Aabsal PLC
- Company type: Public TSE: ASAL1 ISIN: IRO1ASAL0003
- Industry: Major appliances, Small appliances
- Founded: 1956; 70 years ago
- Headquarters: Tehran, Iran
- Area served: Persian Gulf, Caspian Sea, Mediterranean Sea
- Key people: Goodarz Hakimnejad (Chairman & CEO)
- Products: Clothes washers and dryers, refrigerators, freezers, dishwashers, ranges, compactors, room air conditioners, microwaves ovens, counter top appliances
- Website: www.aabsalco.com

= Aabsal =

Iranian home appliances manufacturer

Aabsal (آبسال, Ābsāl) is one of the major manufacturers of home appliances in Iran. Aabsal was established in 1956 and is listed on the Tehran Stock Exchange.
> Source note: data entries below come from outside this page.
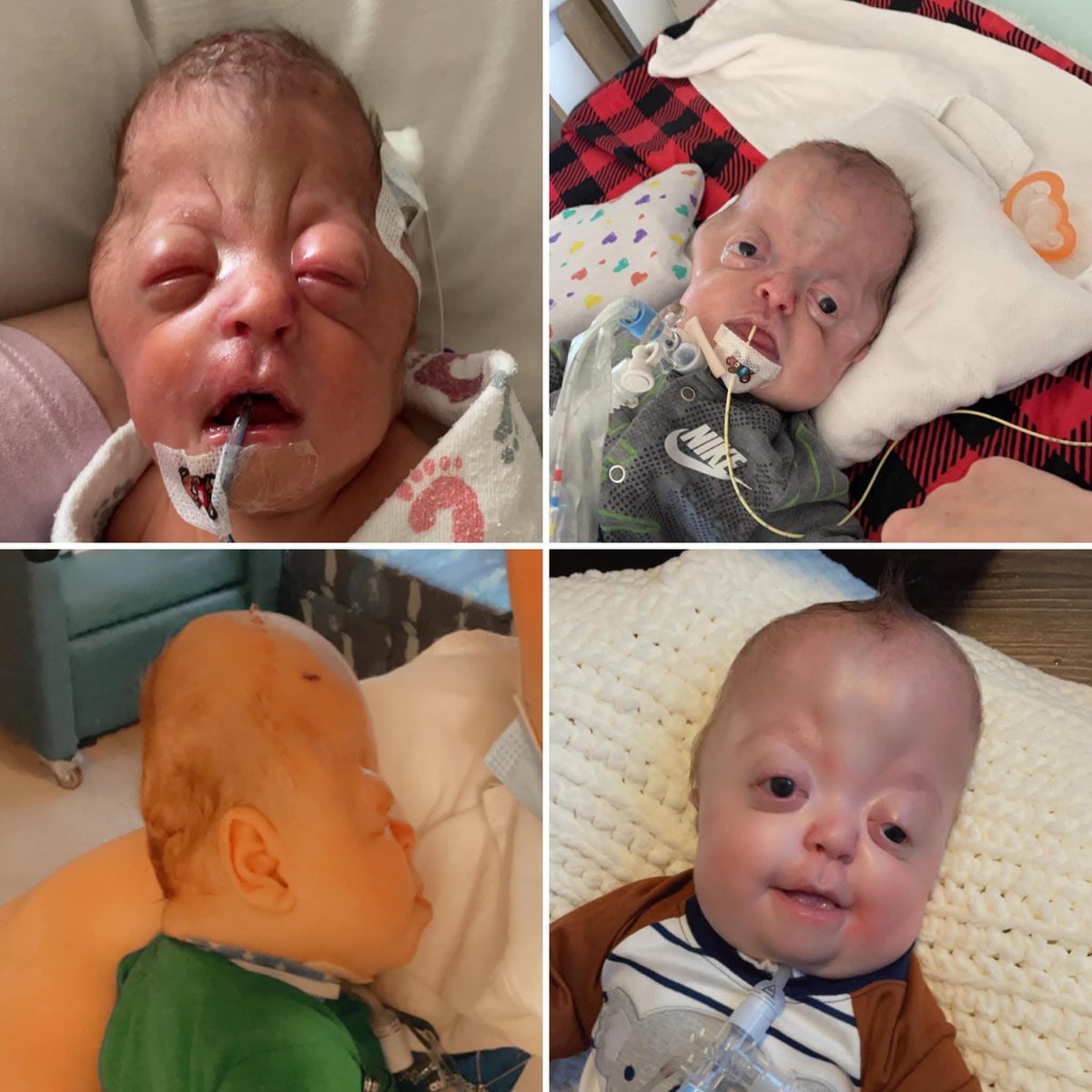 Nooor_Khan021's tweet photo. Before and after surgery  💀 remember Raedyn in your prayers. 🙏 https://t.co/7YeLLDPgws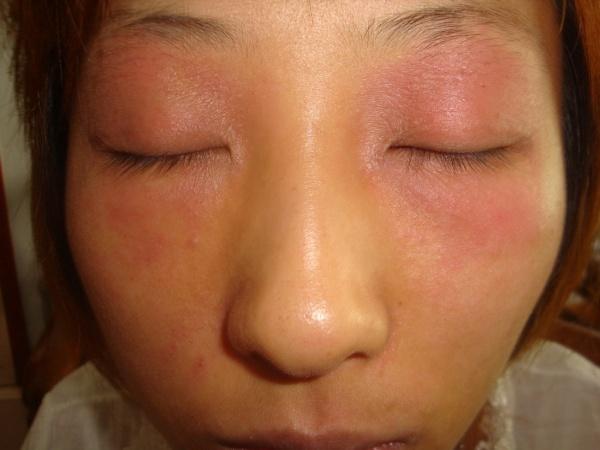 眼周皮肤化妆品皮炎的治疗前后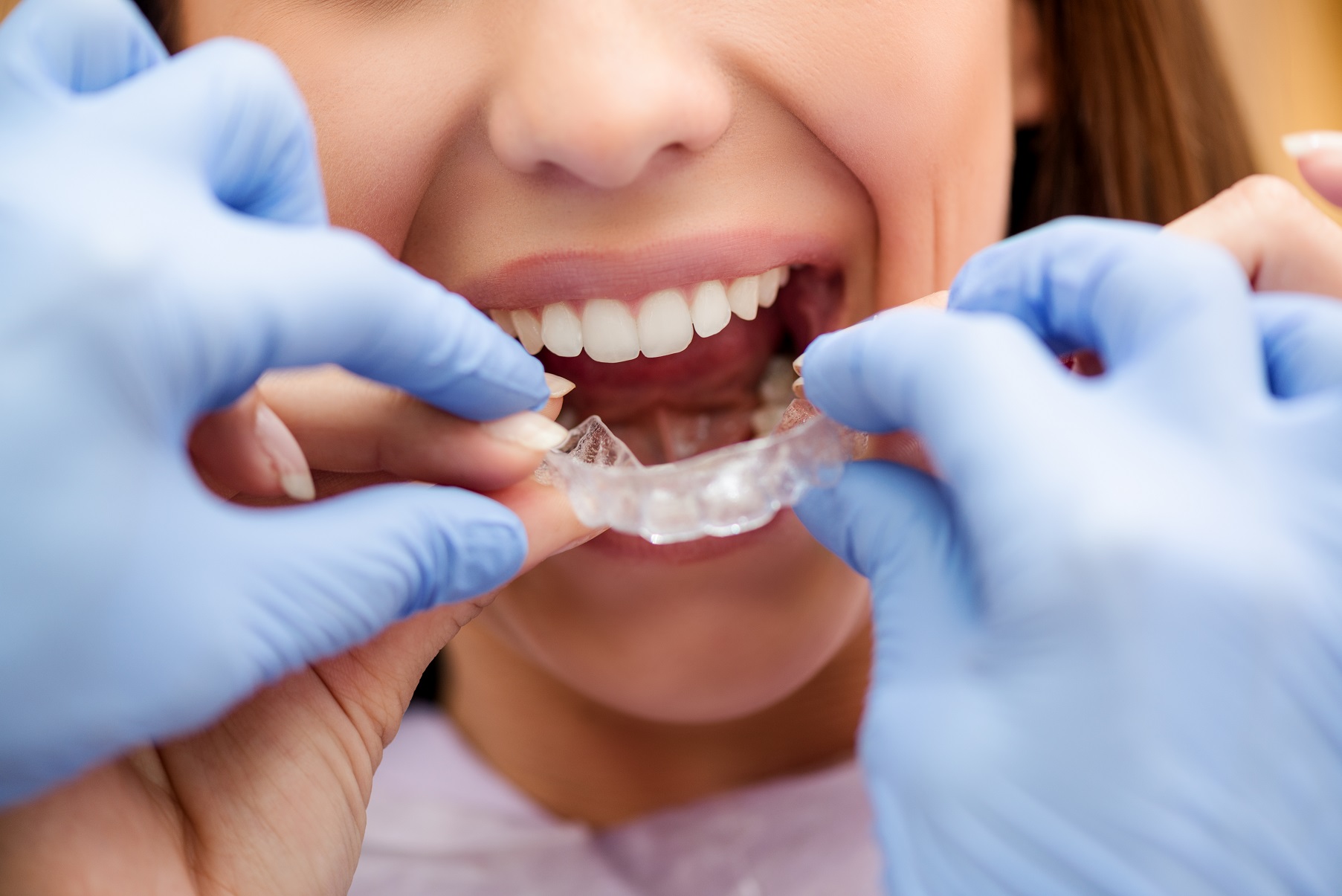 Orthodontie Invisalign slider | Centre dentaire Singer à St-Jean-sur-Richelieu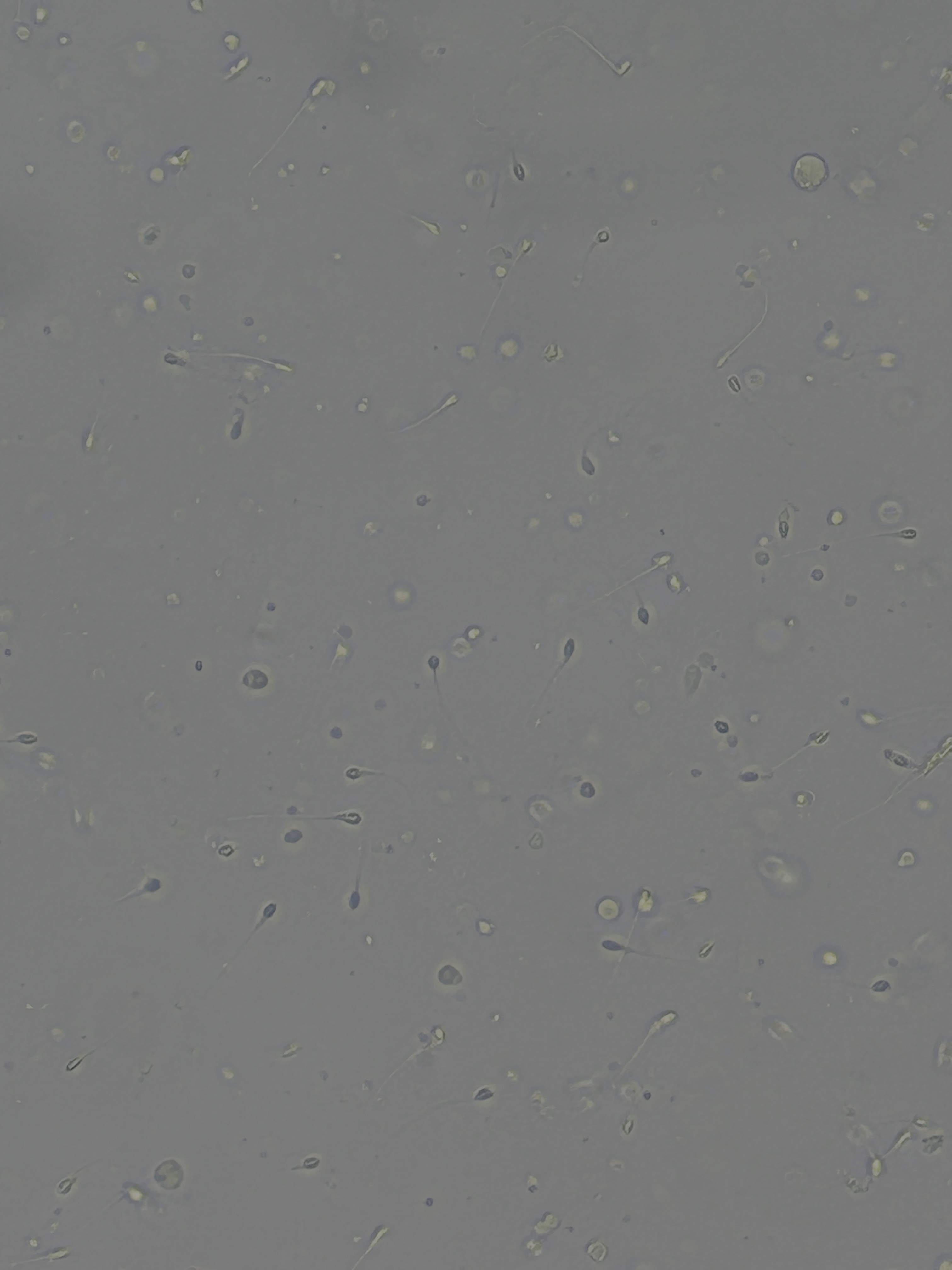 During the program, I also had the chance to observe my own sample under a microscope while learning about microfluidic sperm-sorting research.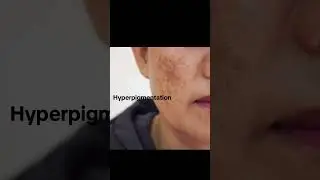For dark pimple spot use Tamanu oil #essentailoils #skincare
The company manufactures air coolers, gas heaters, gas cookers and washing machines among other products.

==Operations==
Aabsal Co. engages in the manufacture and sale of automatic front loading washing machines, dishwashers, water evaporative air coolers, and room Gas heaters in Iran. The company serves customers through a network of sales representatives. Aabsal Co. was formerly known as Universal PLC. and changed its name in 1983.

While established in Tehran, Aabsal currently has 348 locations across Iran.